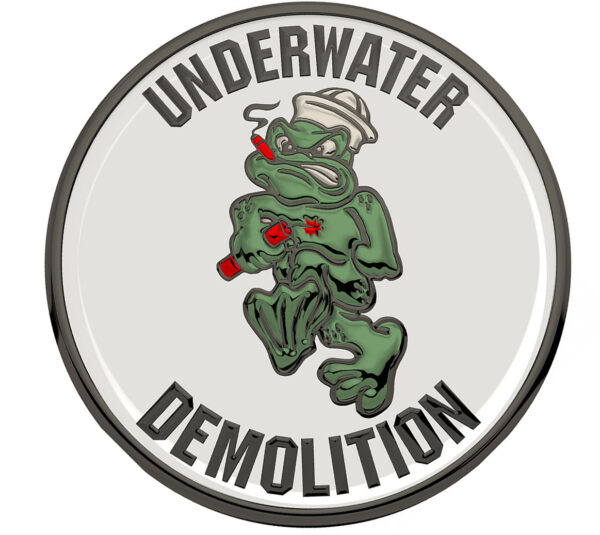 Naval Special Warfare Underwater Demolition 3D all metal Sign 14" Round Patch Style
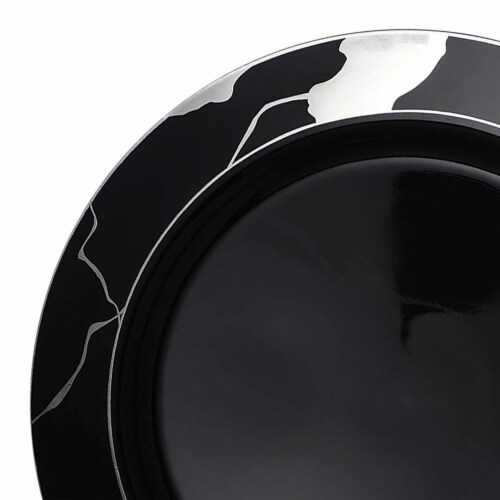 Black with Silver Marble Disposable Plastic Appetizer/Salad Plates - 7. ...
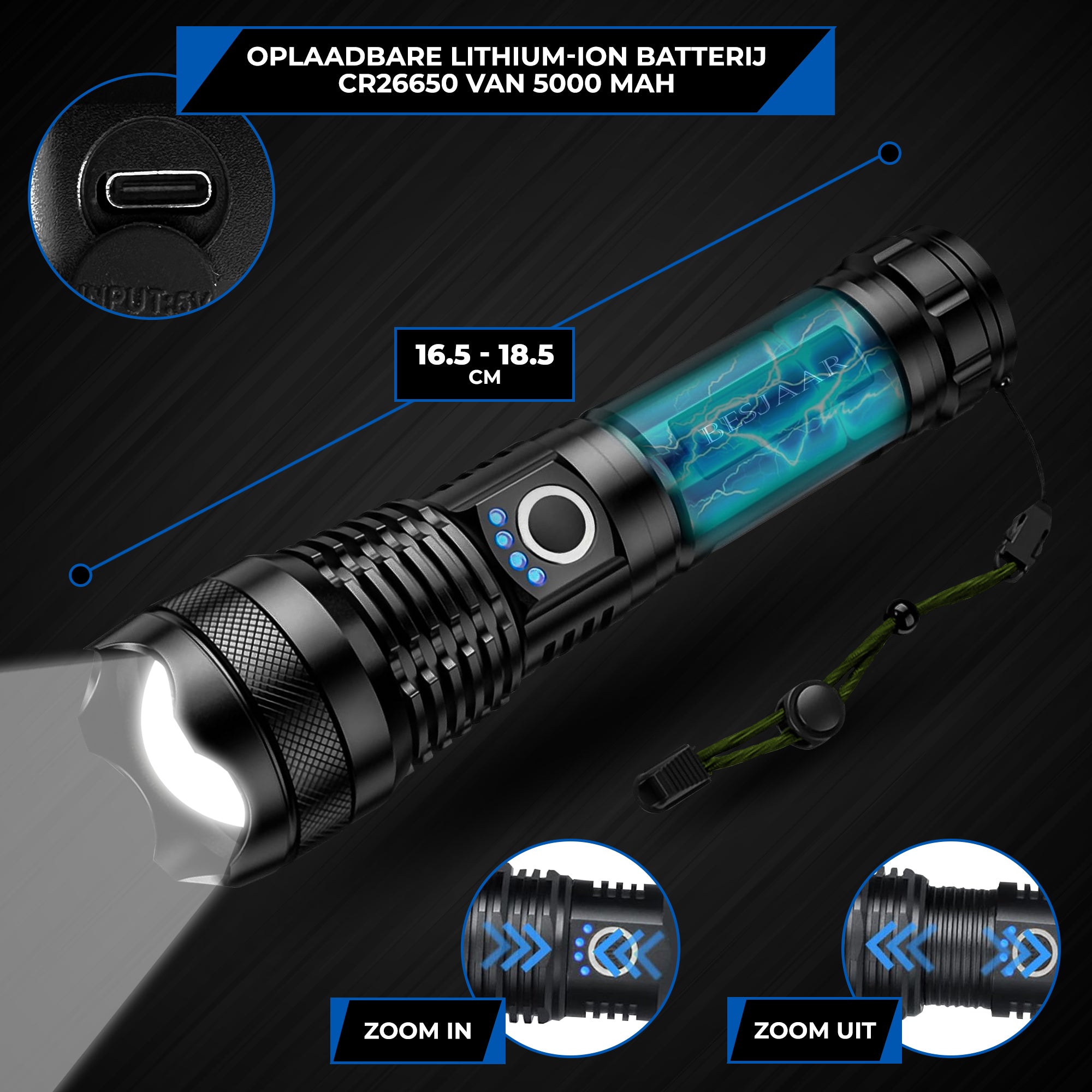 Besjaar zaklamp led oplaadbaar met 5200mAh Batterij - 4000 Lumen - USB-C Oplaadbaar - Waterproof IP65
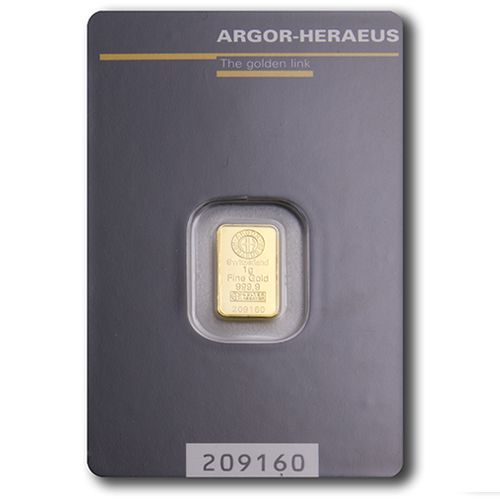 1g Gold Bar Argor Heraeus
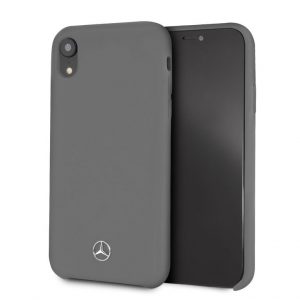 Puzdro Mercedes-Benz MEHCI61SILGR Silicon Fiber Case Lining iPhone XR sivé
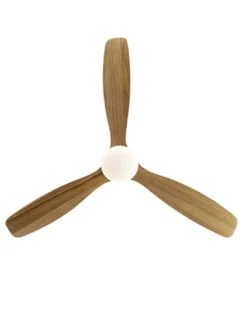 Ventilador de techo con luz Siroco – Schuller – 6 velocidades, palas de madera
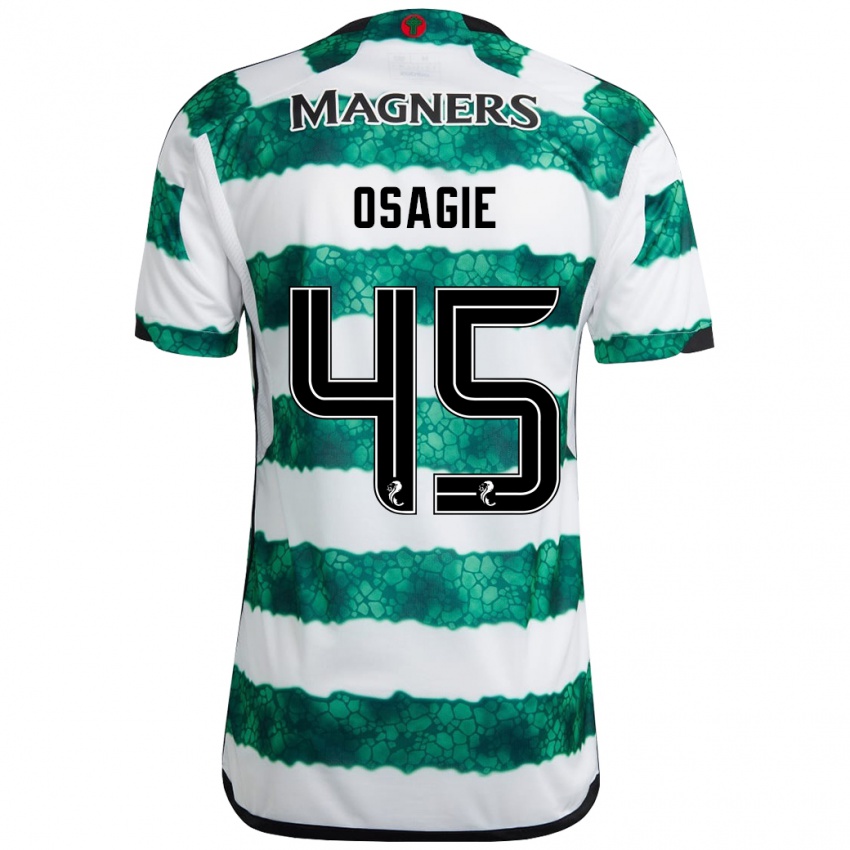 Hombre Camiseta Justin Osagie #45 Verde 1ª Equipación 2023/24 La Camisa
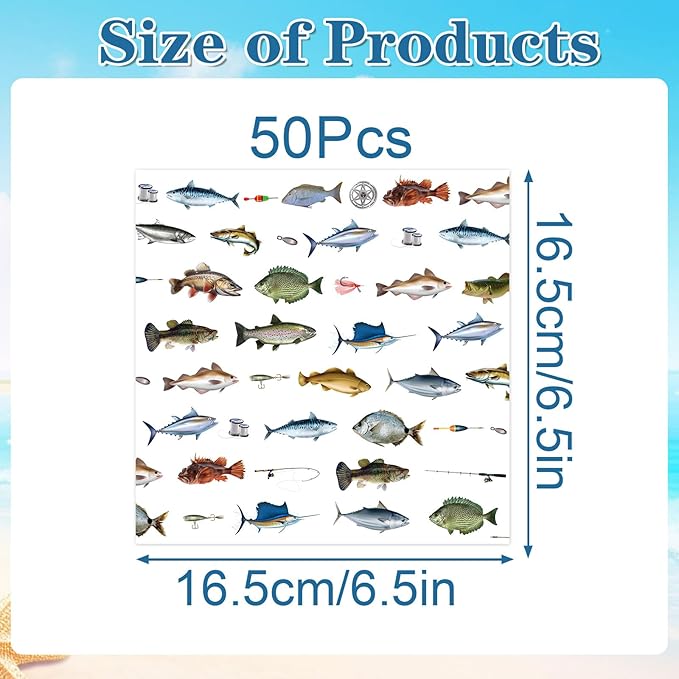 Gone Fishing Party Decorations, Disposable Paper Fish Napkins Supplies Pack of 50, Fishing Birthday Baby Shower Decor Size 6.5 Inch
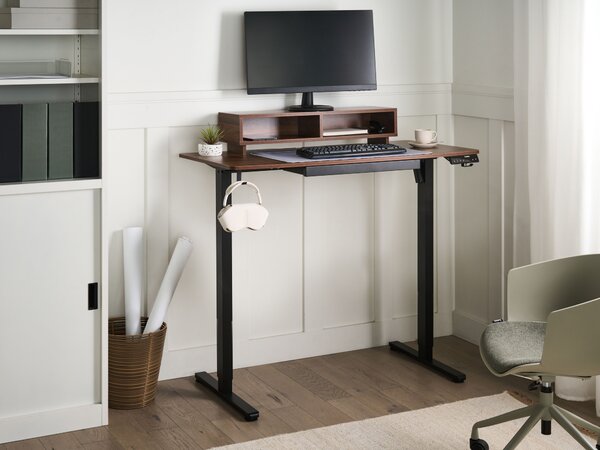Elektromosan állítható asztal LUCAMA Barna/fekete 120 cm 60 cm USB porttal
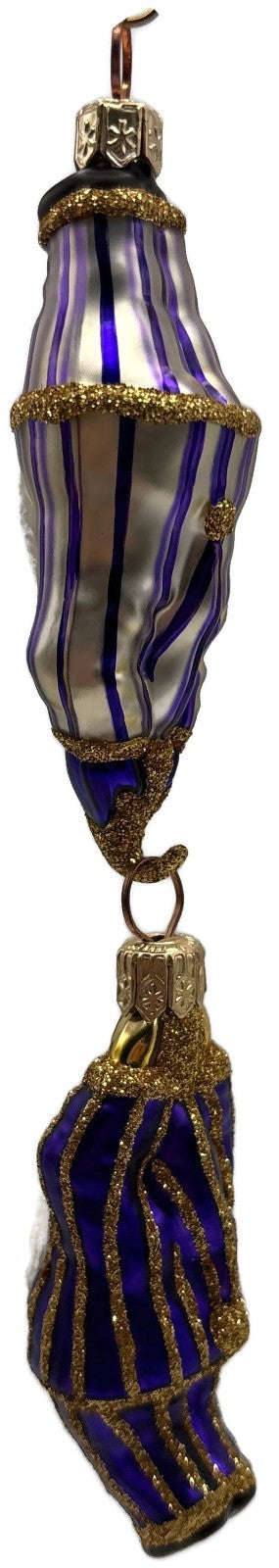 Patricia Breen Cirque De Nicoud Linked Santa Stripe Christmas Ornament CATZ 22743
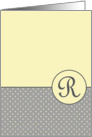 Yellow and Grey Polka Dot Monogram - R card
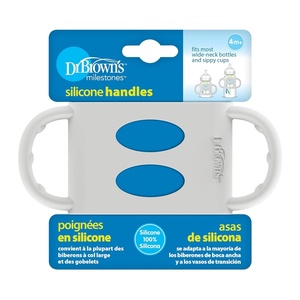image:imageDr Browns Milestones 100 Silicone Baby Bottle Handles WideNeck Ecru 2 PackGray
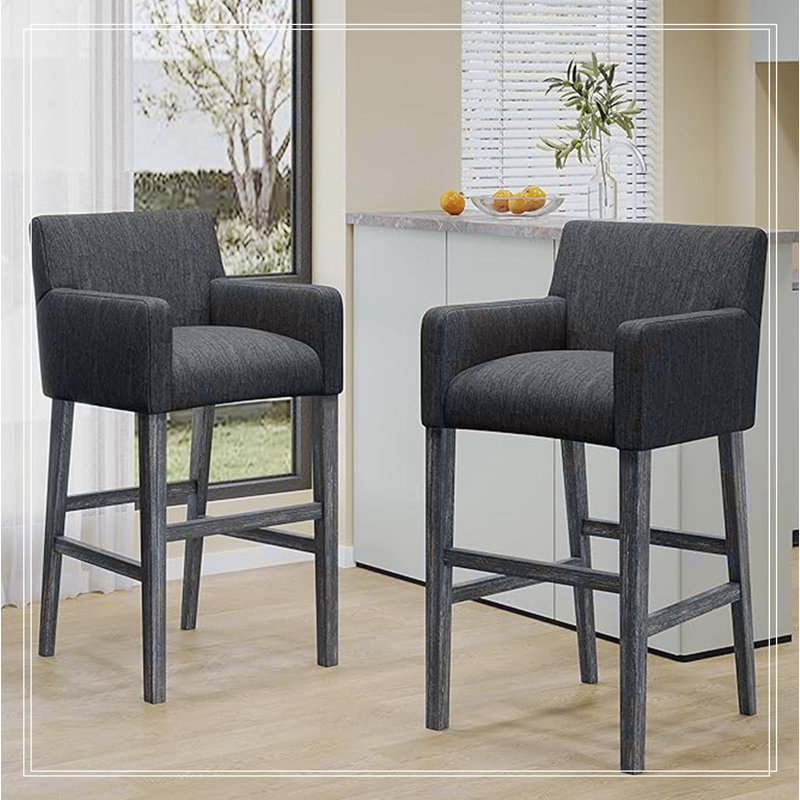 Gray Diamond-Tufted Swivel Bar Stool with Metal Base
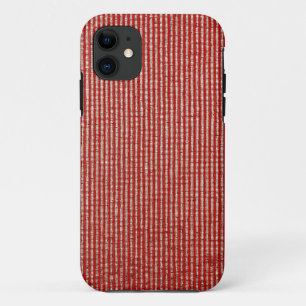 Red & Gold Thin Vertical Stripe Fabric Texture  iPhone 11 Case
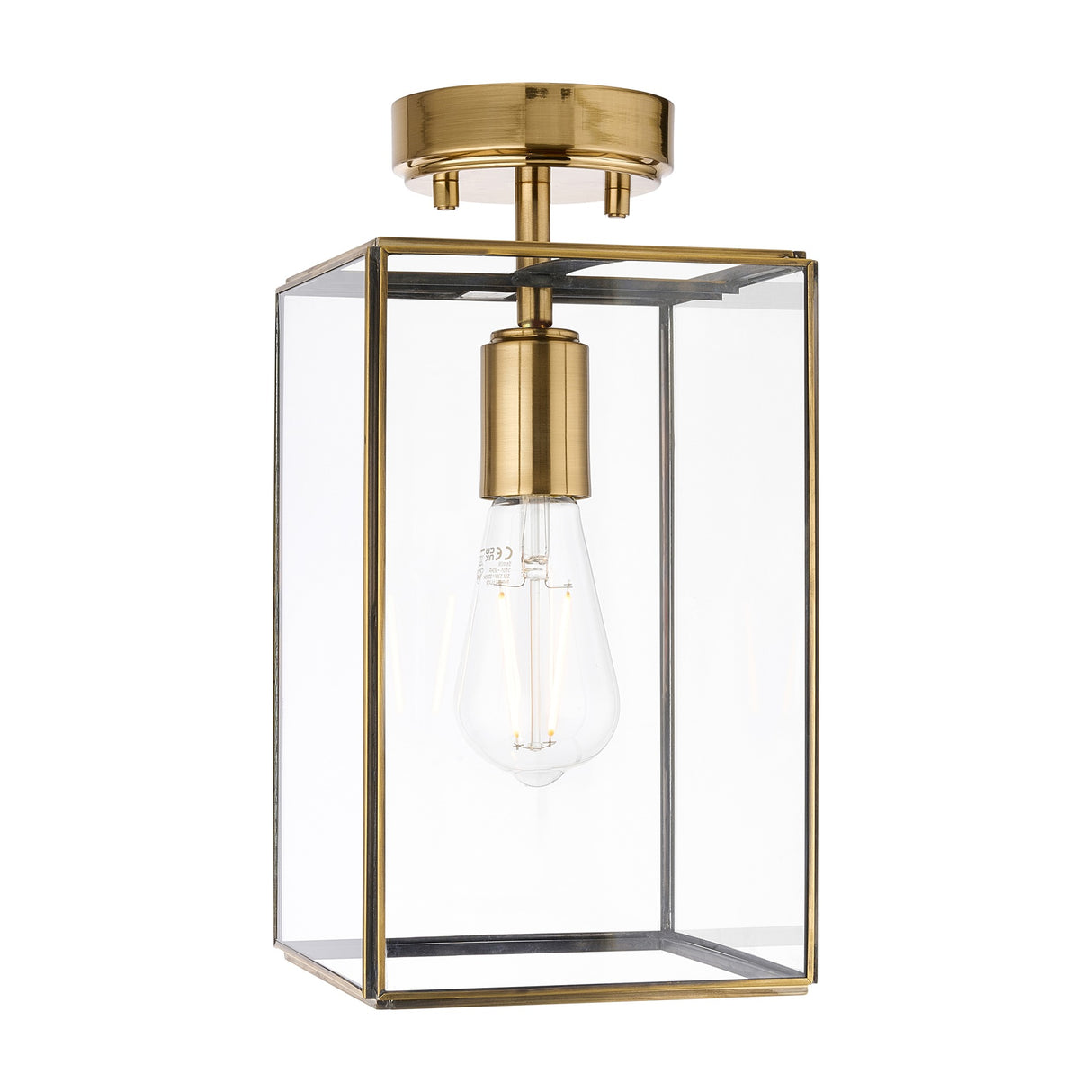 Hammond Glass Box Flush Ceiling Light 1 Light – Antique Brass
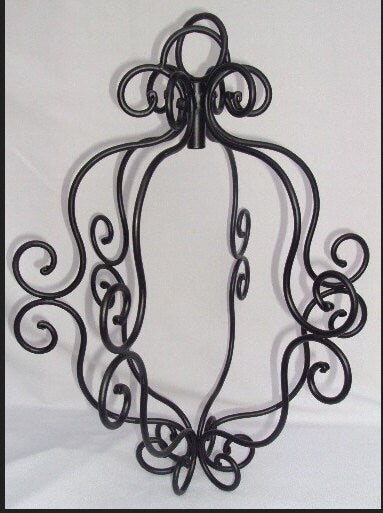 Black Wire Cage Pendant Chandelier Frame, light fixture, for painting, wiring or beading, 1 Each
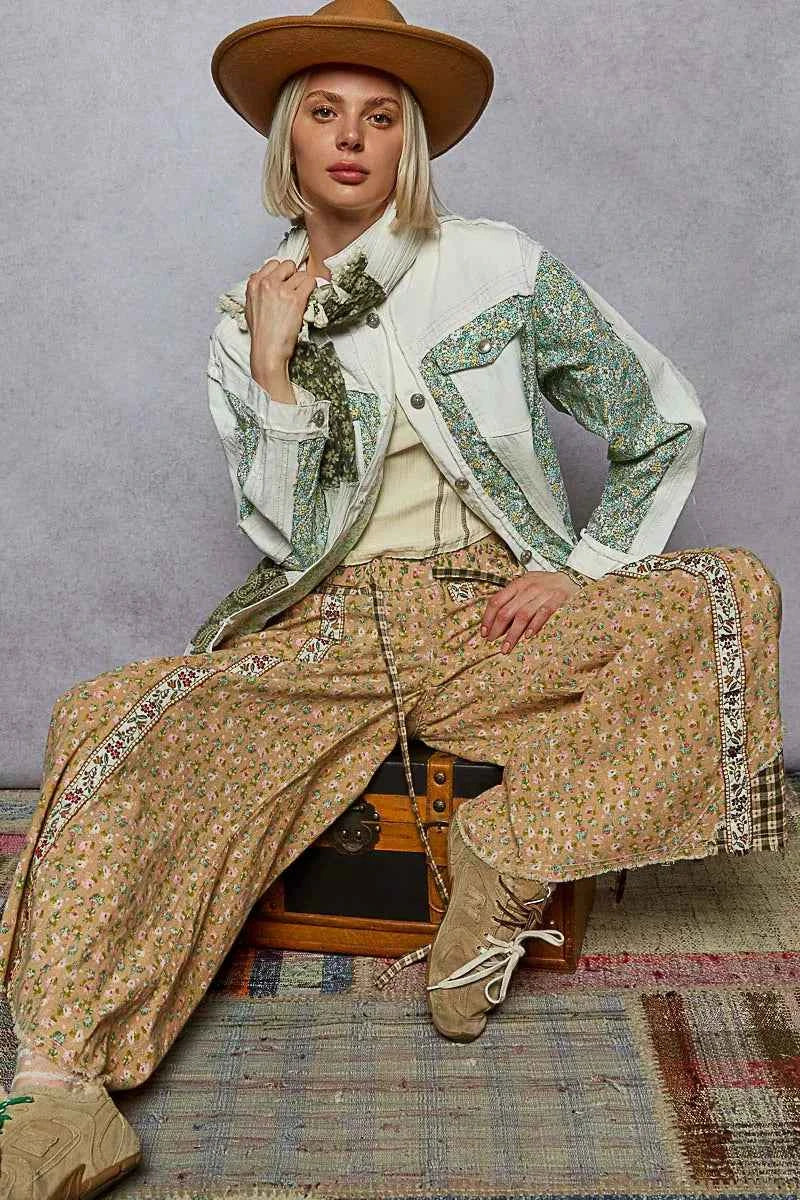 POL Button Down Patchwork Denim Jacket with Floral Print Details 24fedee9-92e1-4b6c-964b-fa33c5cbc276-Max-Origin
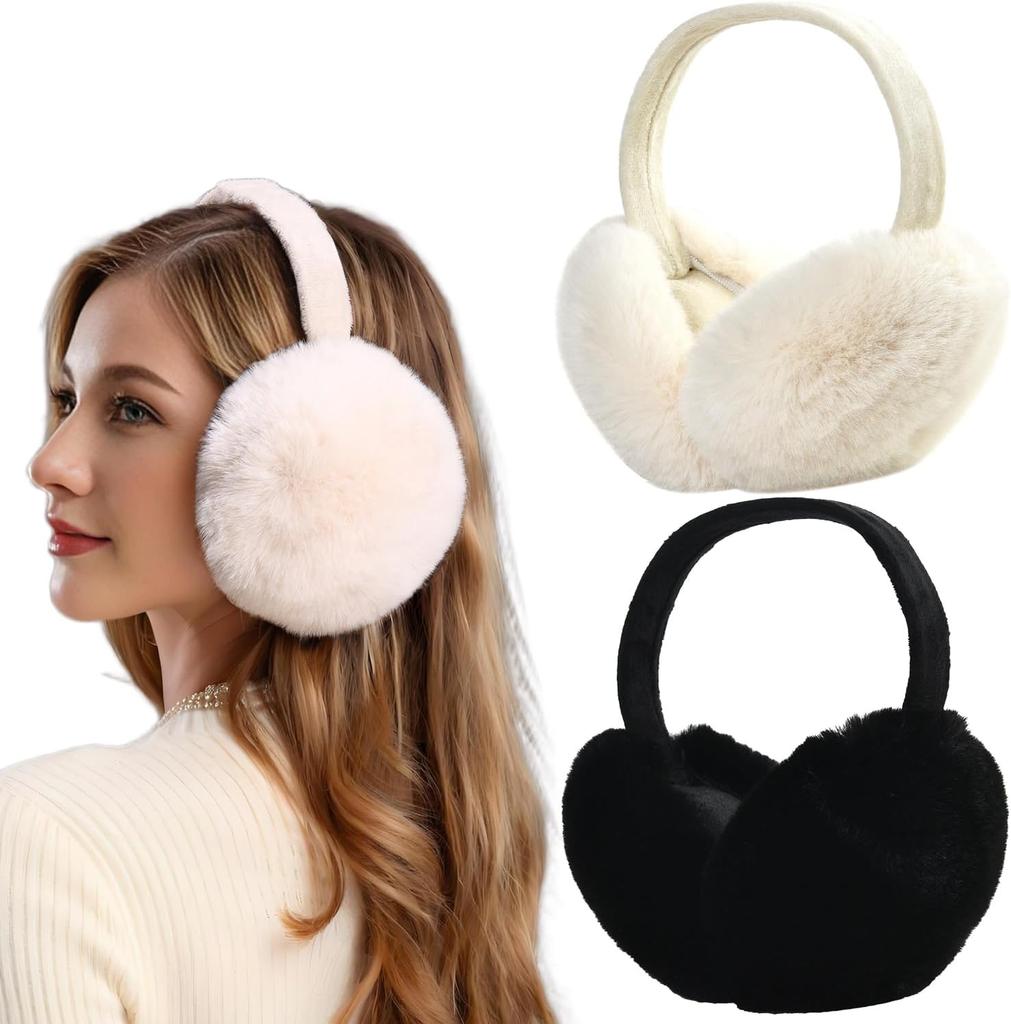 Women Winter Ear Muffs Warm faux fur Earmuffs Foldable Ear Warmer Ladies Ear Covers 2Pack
● ● ● ● ● ● ●
# TASK INSTRUCTIONS:
In the data above, find the line containing "Red & Gold Thin"; from there, please write out each line through the end, exactly, with the pictures omitted.

# PROBLEM SOLUTION:
 Red & Gold Thin Vertical Stripe Fabric Texture  iPhone 11 Case
 Hammond Glass Box Flush Ceiling Light 1 Light – Antique Brass
 Black Wire Cage Pendant Chandelier Frame, light fixture, for painting, wiring or beading, 1 Each
 POL Button Down Patchwork Denim Jacket with Floral Print Details 24fedee9-92e1-4b6c-964b-fa33c5cbc276-Max-Origin
 Women Winter Ear Muffs Warm faux fur Earmuffs Foldable Ear Warmer Ladies Ear Covers 2Pack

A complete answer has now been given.